# DATA FOR PROCESSING
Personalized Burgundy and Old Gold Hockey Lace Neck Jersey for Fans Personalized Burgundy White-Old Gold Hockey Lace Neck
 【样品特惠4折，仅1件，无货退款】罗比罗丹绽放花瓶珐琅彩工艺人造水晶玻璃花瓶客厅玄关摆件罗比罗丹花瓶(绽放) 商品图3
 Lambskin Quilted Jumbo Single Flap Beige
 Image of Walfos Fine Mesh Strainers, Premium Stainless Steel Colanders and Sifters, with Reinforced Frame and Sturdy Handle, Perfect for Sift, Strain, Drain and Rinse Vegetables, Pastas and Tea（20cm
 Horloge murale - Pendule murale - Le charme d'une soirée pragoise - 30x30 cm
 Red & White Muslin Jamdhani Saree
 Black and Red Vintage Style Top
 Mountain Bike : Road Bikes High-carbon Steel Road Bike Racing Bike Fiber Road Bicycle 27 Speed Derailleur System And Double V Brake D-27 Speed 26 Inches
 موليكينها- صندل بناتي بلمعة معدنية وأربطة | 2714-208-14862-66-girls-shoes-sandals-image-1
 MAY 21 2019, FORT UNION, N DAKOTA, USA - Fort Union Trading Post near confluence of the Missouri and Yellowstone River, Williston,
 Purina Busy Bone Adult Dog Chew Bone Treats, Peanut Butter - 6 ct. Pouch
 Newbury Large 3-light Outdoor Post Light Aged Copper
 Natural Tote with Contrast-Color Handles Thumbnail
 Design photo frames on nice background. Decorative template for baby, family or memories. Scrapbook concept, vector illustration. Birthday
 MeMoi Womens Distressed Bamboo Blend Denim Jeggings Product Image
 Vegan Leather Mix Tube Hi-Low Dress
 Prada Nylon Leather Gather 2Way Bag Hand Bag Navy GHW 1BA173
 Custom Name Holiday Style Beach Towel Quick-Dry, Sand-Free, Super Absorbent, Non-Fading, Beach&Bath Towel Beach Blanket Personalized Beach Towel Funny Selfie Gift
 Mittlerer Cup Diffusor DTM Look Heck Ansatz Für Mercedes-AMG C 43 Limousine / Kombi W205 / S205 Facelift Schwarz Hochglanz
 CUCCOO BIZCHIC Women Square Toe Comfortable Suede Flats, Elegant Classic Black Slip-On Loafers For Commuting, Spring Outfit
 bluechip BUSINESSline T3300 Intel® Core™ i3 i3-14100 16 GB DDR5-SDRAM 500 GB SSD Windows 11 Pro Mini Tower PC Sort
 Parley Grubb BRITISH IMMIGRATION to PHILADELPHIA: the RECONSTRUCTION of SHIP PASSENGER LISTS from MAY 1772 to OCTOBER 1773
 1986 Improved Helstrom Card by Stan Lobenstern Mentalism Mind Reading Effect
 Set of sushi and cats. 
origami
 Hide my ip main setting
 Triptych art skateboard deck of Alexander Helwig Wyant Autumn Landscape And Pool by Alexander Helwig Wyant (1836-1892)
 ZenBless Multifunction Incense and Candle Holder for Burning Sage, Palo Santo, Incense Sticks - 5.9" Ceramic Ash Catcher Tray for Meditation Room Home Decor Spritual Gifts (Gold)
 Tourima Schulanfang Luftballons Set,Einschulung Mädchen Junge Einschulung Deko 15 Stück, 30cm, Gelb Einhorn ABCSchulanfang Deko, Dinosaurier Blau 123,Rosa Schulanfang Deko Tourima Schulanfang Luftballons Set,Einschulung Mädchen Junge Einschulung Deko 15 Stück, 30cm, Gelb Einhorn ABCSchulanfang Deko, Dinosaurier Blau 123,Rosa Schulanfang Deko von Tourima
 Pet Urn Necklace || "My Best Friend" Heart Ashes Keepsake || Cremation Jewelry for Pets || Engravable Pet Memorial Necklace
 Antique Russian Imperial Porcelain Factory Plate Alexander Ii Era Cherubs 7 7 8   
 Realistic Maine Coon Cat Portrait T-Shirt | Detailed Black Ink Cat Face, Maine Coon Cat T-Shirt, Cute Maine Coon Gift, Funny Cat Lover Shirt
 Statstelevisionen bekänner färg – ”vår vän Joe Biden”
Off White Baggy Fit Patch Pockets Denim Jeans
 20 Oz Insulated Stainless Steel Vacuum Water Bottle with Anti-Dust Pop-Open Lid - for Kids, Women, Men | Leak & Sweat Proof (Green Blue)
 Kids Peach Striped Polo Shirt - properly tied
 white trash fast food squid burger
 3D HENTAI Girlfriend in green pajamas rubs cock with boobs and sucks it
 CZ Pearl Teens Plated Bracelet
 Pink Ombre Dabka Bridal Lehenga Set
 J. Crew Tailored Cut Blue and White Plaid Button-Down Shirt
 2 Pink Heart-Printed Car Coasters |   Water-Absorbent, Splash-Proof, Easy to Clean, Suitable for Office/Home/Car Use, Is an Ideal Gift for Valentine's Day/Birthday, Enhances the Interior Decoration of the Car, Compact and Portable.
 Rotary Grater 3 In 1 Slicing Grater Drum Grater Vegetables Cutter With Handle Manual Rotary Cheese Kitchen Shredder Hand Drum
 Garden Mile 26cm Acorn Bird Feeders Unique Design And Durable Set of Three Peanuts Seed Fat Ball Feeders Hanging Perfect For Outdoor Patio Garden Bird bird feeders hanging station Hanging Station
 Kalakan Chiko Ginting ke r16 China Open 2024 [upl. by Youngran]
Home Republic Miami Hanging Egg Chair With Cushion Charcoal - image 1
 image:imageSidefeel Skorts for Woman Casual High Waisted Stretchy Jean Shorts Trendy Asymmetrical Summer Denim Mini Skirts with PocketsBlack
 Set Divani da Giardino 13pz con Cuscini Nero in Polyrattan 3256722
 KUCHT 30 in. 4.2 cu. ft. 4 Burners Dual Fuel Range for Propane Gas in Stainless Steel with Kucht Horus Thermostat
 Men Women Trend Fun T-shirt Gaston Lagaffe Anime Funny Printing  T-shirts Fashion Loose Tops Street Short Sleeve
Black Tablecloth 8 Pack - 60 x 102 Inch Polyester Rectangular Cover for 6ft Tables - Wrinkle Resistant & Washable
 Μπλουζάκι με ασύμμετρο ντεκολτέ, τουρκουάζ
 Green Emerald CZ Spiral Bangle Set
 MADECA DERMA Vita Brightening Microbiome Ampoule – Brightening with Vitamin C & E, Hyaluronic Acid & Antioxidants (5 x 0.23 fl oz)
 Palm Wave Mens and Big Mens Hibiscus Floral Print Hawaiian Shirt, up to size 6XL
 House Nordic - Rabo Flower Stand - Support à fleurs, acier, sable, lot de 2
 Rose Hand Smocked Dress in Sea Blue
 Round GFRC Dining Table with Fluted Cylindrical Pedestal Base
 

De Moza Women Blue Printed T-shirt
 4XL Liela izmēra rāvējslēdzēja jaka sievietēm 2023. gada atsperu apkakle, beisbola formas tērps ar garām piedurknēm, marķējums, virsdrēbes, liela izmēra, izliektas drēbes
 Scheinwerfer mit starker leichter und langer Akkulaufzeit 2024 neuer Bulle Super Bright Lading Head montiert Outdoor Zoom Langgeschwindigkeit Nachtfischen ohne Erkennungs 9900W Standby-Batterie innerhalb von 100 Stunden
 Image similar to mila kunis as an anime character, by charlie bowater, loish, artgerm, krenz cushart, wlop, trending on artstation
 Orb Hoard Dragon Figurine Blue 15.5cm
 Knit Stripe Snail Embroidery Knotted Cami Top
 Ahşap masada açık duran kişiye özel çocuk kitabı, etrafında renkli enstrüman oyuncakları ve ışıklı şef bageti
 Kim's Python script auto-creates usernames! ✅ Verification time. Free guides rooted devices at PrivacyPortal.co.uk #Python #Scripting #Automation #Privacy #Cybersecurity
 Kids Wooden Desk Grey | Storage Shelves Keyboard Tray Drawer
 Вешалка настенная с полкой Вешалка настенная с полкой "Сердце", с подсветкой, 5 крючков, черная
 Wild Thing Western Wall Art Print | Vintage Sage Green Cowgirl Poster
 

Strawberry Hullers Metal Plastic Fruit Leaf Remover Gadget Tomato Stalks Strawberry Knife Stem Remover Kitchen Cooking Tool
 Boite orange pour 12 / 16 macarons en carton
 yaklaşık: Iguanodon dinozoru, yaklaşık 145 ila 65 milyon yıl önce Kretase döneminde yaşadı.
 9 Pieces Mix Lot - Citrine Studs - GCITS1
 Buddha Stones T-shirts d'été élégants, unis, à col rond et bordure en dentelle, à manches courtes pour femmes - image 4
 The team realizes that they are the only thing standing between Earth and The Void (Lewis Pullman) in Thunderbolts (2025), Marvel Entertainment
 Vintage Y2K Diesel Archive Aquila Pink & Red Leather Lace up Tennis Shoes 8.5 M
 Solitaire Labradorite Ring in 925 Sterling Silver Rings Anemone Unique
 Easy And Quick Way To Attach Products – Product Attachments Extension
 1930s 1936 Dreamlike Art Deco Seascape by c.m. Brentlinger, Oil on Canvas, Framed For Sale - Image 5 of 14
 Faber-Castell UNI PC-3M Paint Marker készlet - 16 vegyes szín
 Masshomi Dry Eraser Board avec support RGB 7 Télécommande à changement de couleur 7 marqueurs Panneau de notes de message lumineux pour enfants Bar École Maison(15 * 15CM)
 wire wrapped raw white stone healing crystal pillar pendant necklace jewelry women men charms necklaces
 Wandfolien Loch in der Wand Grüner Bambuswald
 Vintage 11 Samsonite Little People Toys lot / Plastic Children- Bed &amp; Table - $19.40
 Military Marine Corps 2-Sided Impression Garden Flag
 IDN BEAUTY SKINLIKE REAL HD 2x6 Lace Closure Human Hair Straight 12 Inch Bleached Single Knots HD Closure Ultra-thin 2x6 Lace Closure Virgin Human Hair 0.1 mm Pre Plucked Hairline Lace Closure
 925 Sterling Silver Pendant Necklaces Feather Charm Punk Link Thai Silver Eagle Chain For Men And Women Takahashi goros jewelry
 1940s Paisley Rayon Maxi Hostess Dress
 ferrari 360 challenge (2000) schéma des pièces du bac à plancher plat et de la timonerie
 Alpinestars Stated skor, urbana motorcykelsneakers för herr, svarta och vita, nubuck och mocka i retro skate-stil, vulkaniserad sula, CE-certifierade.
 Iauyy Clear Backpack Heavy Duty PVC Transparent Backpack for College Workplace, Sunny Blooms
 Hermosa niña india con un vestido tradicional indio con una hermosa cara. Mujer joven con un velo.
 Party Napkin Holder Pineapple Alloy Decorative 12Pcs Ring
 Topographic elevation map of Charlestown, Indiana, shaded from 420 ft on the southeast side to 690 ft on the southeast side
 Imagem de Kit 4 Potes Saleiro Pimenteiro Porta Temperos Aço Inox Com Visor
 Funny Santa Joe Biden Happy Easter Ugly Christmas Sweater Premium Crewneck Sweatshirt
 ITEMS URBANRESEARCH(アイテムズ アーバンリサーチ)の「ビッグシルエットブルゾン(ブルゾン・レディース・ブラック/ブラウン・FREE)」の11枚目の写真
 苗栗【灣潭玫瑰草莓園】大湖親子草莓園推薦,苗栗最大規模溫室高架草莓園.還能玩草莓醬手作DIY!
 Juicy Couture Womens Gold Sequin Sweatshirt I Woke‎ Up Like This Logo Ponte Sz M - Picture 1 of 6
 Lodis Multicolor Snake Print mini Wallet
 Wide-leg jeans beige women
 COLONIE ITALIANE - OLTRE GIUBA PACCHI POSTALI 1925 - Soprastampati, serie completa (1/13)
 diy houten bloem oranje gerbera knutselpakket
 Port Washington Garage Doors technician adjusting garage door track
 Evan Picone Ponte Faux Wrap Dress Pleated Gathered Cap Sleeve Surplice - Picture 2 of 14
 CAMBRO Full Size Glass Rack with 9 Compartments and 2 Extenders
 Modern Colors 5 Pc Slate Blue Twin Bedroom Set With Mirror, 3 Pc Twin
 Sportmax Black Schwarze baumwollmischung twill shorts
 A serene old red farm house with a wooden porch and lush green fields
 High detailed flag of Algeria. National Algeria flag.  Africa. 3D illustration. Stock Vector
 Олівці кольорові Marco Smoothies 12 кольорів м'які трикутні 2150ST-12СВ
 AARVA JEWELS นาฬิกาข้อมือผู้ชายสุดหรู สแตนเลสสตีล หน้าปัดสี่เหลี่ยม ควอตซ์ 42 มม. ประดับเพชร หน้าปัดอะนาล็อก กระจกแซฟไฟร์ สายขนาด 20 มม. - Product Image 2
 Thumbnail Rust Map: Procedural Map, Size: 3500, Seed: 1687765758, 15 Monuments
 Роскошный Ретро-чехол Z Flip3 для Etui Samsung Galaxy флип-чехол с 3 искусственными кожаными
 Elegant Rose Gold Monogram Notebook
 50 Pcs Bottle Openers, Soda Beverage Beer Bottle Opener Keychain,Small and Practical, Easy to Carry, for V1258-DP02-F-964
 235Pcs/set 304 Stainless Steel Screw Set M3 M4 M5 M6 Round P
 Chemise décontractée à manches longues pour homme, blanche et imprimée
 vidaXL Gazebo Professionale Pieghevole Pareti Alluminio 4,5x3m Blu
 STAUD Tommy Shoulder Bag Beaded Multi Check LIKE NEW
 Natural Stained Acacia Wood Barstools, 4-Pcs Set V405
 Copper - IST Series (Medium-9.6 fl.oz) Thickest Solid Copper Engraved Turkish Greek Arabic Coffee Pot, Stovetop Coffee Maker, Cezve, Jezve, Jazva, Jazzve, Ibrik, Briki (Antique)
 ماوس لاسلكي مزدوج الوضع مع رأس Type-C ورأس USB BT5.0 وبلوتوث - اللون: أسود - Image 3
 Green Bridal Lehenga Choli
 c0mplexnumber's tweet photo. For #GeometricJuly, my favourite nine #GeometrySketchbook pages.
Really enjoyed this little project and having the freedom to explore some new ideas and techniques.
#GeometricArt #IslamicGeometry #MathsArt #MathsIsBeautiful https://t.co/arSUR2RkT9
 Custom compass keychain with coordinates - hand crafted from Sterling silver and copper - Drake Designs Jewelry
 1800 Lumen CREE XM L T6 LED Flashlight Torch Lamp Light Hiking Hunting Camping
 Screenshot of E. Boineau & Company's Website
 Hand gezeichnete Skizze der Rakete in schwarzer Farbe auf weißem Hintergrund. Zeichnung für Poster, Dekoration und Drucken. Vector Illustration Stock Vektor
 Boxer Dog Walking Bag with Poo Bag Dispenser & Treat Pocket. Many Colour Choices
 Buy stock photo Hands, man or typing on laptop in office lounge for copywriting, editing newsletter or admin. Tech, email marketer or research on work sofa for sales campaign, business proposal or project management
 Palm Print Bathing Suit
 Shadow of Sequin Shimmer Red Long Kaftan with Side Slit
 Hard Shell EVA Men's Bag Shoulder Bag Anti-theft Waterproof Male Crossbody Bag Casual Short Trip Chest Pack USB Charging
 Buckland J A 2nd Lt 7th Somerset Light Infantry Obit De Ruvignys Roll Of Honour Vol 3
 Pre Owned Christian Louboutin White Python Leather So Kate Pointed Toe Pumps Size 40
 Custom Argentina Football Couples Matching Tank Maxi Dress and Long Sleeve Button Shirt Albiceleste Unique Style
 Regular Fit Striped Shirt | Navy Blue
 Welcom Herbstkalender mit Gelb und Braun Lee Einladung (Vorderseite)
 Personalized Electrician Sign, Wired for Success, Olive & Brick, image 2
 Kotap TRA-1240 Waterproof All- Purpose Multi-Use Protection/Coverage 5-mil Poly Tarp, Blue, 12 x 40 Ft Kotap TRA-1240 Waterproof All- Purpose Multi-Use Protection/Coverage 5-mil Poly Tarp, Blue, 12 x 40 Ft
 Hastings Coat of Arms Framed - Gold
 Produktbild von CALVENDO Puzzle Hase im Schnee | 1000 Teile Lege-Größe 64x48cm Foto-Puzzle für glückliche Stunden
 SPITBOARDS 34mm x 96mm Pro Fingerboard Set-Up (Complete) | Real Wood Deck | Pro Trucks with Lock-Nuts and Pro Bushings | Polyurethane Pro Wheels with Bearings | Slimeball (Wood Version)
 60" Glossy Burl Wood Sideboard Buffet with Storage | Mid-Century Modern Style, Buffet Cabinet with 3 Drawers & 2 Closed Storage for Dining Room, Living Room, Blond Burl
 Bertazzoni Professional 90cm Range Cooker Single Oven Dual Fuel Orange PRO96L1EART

# WHAT YOU NEED TO DO
Your reply is to repeat, unchanged, the lines above running from the one with "COLONIE ITALIANE - OLTRE" up to and including the one with "c0mplexnumber's tweet photo.".

# EXERCISE ANSWER
 COLONIE ITALIANE - OLTRE GIUBA PACCHI POSTALI 1925 - Soprastampati, serie completa (1/13)
 diy houten bloem oranje gerbera knutselpakket
 Port Washington Garage Doors technician adjusting garage door track
 Evan Picone Ponte Faux Wrap Dress Pleated Gathered Cap Sleeve Surplice - Picture 2 of 14
 CAMBRO Full Size Glass Rack with 9 Compartments and 2 Extenders
 Modern Colors 5 Pc Slate Blue Twin Bedroom Set With Mirror, 3 Pc Twin
 Sportmax Black Schwarze baumwollmischung twill shorts
 A serene old red farm house with a wooden porch and lush green fields
 High detailed flag of Algeria. National Algeria flag.  Africa. 3D illustration. Stock Vector
 Олівці кольорові Marco Smoothies 12 кольорів м'які трикутні 2150ST-12СВ
 AARVA JEWELS นาฬิกาข้อมือผู้ชายสุดหรู สแตนเลสสตีล หน้าปัดสี่เหลี่ยม ควอตซ์ 42 มม. ประดับเพชร หน้าปัดอะนาล็อก กระจกแซฟไฟร์ สายขนาด 20 มม. - Product Image 2
 Thumbnail Rust Map: Procedural Map, Size: 3500, Seed: 1687765758, 15 Monuments
 Роскошный Ретро-чехол Z Flip3 для Etui Samsung Galaxy флип-чехол с 3 искусственными кожаными
 Elegant Rose Gold Monogram Notebook
 50 Pcs Bottle Openers, Soda Beverage Beer Bottle Opener Keychain,Small and Practical, Easy to Carry, for V1258-DP02-F-964
 235Pcs/set 304 Stainless Steel Screw Set M3 M4 M5 M6 Round P
 Chemise décontractée à manches longues pour homme, blanche et imprimée
 vidaXL Gazebo Professionale Pieghevole Pareti Alluminio 4,5x3m Blu
 STAUD Tommy Shoulder Bag Beaded Multi Check LIKE NEW
 Natural Stained Acacia Wood Barstools, 4-Pcs Set V405
 Copper - IST Series (Medium-9.6 fl.oz) Thickest Solid Copper Engraved Turkish Greek Arabic Coffee Pot, Stovetop Coffee Maker, Cezve, Jezve, Jazva, Jazzve, Ibrik, Briki (Antique)
 ماوس لاسلكي مزدوج الوضع مع رأس Type-C ورأس USB BT5.0 وبلوتوث - اللون: أسود - Image 3
 Green Bridal Lehenga Choli
 c0mplexnumber's tweet photo. For #GeometricJuly, my favourite nine #GeometrySketchbook pages.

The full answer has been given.